For a movie from 1979, this movie looks incredible.
Having the THX logo, I would expect nothing less, but it is
still amazing as to how good the video actually looks. The
movie shows very little of its age, and easily looks as
though it could be released in theaters today without a
beat. This is a very dark movie, and it shows very well.
The colors are very deep, and very rich.
Again, with the THX logo, I tend to expect greatness, and
I am not disappointed here either. From the very tinny
sounds within the ship, to the rich, affecting score, all
the sounds come through with clarity, and make it sound as
if you are aboard the Nostromo with the crew. Especially
compelling are the "breathing" sound effects throughout the
movie, which can literally send chills up your spine.
This is one of those purchases that was largely made for
the features, and in that respect, I certainly wasn't
First up is the feature-length commentary with director
Ridley Scott. This is a very informative commentary, with
Scott speaking at length about the making of the movie, the
construction of scenes, and any number of other things.
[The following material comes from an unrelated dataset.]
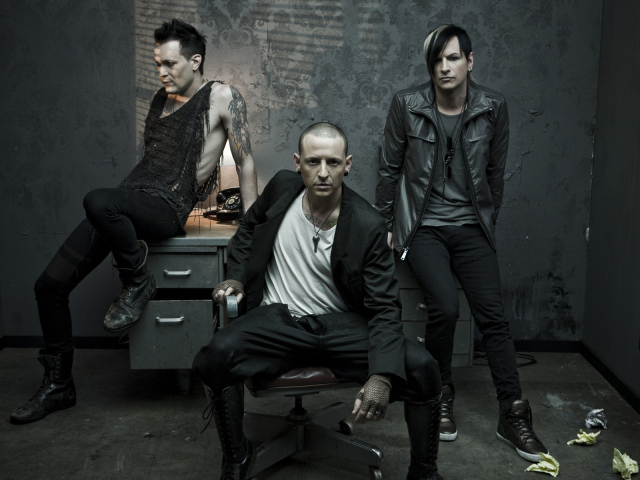 группа Dead by sunrise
Also different from most commentaries is the fact that this
one has its own chapter index, for the viewer that wishes to
jump to one of Scott's specific anecdotes. Definitely a
commentary that enhances the movie, and made me appreciate
the movie that much more.
Next is the series of deleted scenes that are included.
There are ten scenes in all, each with a description of what
the scene is about, where it would have been in the movie,
and why it was dropped. Many of these scenes are character
development, which would have been very interesting had they
been left in the movie. The most notable of the deleted
scenes is the "cocoon" scene, which gave a more in-depth
look at the alien life cycle. This scene includes
commentary from Scott.
Also included is a very extensive series of artwork and
photo galleries. Included in this very extensive section
are subsections of conceptual art, storyboards, production
photos, and promotional art and photos. I especially enjoy
when photos of promotional art is included, as it gives me a
deeper sense of how the movie's marketing plan developed and
eventually came to fruition.
Next are two separate isolated audio tracks that are
really quite different in nature. The first is the isolated
audio of the original film score by Jerry Goldsmith, and the
score is very appropriate for a movie of this type, almost
haunting at times. The other is very unique, a track of
alternate music, and production sound directly from the film
set. It is nothing short of amazing that this has survived
for this long, and it is definitely an interesting listen.
There are two outtakes included, which differ from the
deleted scenes because they are much more raw in nature, and
would arguably have added much less to the film than the
deleted scenes. In the case of one of the outtakes, it also
would have violated a previously established plot point.
Wrapping up the special features are two trailers and a
pair of TV spots, all of which are great for their sheer
nostalgia value. These ads all seemingly differ from those
of today in that they reveal almost nothing of the movie,
while still building the hype for the movie.
There are also a couple of interesting Easter eggs hidden
within the special features, but I'll let you all discover
those for yourselves.
Finally, I'd be remiss if I didn't mention the great
booklet included with the movie. I love special features on
the disc itself, but I also think very highly of the studios
that take the time to develop a booklet with more
information. The booklet includes cast bios and a message
from Ridley Scott, and is a considerable step up from the
one-sheet insert with chapter stops that most movies
I wasn't overly thrilled with this movie the first time I
saw it, but after a repeat viewing and a commentary, it
definitely grew on me. If you're expecting a horror/ sci-fi
movie along today's lines, you'll be disappointed, but if
you're looking for a suspense movie, this one definitely
fits the bill. If you're a supplements buff, this one also
holds up there. If you like the movie and don't own it on
DVD, definitely buy it. You won't be disappointed.
Otherwise, a rental is in order, and the features may push
it over the edge for you. Mild recommendation.